*About this task*.
The answer is to be an exact copy of the lines below running from the line with "TECHPICCO Tow Hooks" down to the line with "Ốp Điện Thoại", both ends included, and nothing more.

*Data to process*.
++++++++++++++++++++

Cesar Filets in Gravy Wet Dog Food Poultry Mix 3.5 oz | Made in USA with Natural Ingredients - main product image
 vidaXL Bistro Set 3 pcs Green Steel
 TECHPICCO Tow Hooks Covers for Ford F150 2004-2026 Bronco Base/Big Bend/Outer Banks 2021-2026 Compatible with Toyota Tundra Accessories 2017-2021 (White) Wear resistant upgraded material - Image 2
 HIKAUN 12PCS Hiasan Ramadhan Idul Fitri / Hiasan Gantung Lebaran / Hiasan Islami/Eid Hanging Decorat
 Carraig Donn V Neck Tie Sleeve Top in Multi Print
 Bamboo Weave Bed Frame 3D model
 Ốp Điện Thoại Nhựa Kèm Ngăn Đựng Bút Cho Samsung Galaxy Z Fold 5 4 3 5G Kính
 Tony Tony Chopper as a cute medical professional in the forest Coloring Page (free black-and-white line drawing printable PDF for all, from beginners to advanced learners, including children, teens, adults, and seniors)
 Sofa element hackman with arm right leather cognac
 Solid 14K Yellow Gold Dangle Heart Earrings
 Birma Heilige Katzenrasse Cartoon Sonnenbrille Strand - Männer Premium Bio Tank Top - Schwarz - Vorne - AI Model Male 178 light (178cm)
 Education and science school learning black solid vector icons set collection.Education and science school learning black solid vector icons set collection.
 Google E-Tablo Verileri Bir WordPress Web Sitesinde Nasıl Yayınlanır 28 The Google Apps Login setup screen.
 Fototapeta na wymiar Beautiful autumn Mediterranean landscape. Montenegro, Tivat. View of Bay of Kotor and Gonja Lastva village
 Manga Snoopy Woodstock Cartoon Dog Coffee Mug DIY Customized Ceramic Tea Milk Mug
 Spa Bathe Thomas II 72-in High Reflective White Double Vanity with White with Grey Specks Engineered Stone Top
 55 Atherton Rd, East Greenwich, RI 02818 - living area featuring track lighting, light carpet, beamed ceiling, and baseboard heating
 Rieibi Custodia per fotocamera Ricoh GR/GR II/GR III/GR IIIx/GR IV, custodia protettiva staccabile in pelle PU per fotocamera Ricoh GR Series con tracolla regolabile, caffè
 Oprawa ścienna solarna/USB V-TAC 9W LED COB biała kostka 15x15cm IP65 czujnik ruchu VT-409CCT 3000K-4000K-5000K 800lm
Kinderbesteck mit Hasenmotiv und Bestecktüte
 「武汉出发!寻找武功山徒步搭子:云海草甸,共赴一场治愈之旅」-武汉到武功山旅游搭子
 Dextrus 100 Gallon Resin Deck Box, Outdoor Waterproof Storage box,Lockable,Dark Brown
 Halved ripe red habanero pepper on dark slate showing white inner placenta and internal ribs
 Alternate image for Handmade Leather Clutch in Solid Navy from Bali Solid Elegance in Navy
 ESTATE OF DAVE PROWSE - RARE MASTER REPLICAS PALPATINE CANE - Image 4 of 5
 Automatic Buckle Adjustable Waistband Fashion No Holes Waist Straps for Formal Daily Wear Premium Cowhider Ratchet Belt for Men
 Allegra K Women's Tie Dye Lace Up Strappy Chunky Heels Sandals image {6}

++++++++++++++++++++

*Exercise solution*.
 TECHPICCO Tow Hooks Covers for Ford F150 2004-2026 Bronco Base/Big Bend/Outer Banks 2021-2026 Compatible with Toyota Tundra Accessories 2017-2021 (White) Wear resistant upgraded material - Image 2
 HIKAUN 12PCS Hiasan Ramadhan Idul Fitri / Hiasan Gantung Lebaran / Hiasan Islami/Eid Hanging Decorat
 Carraig Donn V Neck Tie Sleeve Top in Multi Print
 Bamboo Weave Bed Frame 3D model
 Ốp Điện Thoại Nhựa Kèm Ngăn Đựng Bút Cho Samsung Galaxy Z Fold 5 4 3 5G Kính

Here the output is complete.